New festival sets out to challenge ‘overwhelmingly homogenous’ literary scene

A new literature festival has been set up to challenge the lack of diverse representation of BME authors in publishing and on festival panels.

Organised by Media Diversified, Bare Lit Festival seeks to celebrate the work and achievements of BAME literary voices in the UK and set out to change the UK literary landscape.

The two-day festival, which takes place on 27 and 28 February 2016 in London, offers a lineup of established and new international authors, including novelists Xiaolu Guo, poet Jane Yeh, London’s Young Poet Laureate Selina Nwulu, journalist and fiction author Robin Yassin-Kassab. Events focus on addressing the question of what it means to be a writer of colour in the 21st century, with performances, panels and conversations such as “Second-Generation Poets in Exile”, “What Does Liberation in Literature Look Like?” and “Sci-Fi vs. Afrofuturism”. The festival will be streamed across social media platforms in a bid to engage those unable to attend.

Bare Lit’s racially and globally conscious ethos is in part a reaction to the ‘overwhelmingly homogenous view of contemporary writing’ presented by UK literary festivals. In 2014, only 4% of the 2000-plus authors featured at the UK’s three largest literary festivals came from Black Caribbean, Black African, South Asian or East Asian backgrounds; the other 96% were white.

The creation of Bare Lit is a step toward empowering these voices that are so often silenced in the literary mainstream. As an organiser from Media Diversified Mend Mariwany states, ‘We can focus on making mainstream festivals more ‘diverse’ or we can create something magical of our own.’

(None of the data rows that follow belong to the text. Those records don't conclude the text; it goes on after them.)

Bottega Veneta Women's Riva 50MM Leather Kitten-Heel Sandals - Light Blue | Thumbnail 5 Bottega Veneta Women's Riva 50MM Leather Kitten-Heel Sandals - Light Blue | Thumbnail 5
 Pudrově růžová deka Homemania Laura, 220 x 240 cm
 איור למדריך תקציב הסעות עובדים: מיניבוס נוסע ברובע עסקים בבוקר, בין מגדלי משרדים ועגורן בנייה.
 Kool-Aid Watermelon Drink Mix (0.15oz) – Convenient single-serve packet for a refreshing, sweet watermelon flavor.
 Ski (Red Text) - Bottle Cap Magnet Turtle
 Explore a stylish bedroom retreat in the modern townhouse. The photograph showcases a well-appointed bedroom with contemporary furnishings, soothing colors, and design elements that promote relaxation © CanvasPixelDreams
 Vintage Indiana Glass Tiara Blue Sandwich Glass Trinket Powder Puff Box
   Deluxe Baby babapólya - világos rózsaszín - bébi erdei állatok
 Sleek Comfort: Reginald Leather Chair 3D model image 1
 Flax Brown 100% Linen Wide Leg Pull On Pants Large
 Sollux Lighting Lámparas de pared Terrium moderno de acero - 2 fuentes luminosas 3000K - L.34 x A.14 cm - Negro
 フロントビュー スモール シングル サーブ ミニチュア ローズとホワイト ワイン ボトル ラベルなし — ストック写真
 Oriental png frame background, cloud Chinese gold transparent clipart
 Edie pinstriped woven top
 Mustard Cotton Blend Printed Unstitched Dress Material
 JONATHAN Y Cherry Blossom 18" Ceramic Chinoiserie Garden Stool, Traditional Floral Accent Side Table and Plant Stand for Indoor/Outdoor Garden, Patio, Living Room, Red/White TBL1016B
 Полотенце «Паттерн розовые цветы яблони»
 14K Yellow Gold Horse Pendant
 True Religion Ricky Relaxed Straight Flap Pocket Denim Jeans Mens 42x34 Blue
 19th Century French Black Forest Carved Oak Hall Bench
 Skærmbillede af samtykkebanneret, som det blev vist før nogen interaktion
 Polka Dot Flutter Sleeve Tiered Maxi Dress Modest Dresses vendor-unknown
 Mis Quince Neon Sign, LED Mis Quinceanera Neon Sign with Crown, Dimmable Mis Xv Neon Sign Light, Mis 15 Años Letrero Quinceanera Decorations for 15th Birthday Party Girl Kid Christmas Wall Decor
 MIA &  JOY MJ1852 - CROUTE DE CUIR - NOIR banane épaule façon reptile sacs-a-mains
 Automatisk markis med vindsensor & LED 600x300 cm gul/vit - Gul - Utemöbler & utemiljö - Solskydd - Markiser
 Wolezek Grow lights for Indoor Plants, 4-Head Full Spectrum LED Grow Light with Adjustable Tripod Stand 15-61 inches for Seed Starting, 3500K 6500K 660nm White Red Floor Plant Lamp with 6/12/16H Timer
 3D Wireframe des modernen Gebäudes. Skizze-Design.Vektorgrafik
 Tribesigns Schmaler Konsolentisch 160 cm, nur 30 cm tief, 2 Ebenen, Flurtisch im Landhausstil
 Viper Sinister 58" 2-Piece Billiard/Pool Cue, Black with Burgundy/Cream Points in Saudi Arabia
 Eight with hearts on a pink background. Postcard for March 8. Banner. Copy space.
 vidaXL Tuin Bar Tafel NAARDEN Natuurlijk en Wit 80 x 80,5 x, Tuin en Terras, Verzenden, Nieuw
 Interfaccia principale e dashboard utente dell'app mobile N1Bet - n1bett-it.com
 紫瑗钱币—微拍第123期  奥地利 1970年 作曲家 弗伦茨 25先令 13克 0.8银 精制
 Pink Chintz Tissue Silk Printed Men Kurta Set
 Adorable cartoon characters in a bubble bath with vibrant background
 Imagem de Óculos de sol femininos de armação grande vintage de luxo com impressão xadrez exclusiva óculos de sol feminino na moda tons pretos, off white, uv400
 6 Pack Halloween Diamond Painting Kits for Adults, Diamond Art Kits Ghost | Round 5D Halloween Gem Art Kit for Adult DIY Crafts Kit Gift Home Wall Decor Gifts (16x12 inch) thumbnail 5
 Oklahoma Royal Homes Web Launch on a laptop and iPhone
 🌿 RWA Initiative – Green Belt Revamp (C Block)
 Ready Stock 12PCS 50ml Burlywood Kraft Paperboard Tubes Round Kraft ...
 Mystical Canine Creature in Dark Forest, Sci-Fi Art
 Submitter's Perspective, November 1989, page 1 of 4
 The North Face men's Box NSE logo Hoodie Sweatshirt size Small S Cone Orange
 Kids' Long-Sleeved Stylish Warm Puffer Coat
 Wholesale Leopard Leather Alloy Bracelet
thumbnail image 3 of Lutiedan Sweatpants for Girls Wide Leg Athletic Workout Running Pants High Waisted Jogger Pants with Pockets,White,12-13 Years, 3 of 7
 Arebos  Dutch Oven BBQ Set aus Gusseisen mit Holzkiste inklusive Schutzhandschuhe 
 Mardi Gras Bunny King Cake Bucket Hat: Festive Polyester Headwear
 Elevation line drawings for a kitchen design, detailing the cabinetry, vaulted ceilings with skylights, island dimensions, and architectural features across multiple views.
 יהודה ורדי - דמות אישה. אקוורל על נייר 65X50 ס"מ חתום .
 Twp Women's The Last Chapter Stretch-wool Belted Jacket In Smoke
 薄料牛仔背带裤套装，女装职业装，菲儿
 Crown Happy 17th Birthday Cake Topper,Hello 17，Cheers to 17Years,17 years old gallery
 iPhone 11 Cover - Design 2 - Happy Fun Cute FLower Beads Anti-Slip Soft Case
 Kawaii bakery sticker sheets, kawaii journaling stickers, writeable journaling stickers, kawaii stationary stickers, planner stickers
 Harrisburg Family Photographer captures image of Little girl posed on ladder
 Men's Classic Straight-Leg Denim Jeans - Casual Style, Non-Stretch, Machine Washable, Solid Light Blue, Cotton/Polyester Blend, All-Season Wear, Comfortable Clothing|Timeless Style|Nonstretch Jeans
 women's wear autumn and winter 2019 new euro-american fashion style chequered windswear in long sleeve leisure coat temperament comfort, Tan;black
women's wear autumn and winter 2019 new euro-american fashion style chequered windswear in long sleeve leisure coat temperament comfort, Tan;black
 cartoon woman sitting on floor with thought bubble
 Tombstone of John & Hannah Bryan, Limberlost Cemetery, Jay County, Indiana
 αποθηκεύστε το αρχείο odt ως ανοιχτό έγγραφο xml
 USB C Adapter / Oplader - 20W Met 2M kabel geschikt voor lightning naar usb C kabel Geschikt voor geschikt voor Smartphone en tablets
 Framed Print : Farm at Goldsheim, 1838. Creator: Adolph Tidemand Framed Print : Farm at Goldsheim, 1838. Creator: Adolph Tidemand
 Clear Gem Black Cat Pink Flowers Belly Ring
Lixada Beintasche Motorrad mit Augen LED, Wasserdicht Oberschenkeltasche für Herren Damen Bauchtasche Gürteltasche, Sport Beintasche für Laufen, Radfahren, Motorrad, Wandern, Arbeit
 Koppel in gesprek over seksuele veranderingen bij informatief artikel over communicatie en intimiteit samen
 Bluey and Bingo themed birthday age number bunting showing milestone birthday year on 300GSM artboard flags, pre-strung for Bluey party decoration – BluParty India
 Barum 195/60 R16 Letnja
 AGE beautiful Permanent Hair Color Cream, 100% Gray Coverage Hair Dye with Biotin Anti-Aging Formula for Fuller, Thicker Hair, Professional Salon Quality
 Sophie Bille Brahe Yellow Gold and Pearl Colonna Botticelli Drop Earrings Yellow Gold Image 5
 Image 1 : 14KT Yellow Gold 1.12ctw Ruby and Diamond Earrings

Festival guests have spoken out emphasising the importance of a festival that celebrates authors of colour. Novelist Leila Aboulela said: ‘It’s about stories coming from traditions, dynamics and history which the gatekeepers ignore.’

SFF and speculative fiction author Zen Cho agrees: ‘As a writer who’s neither white nor British I’m used to sticking out at conventions and publishing events. The stories that fill our heads should reflect the richness and diversity of the world around us. I’m excited to be part of a festival that’s trying to encourage that.’

The full programme will be available on the Bare Lit Festival website in due course.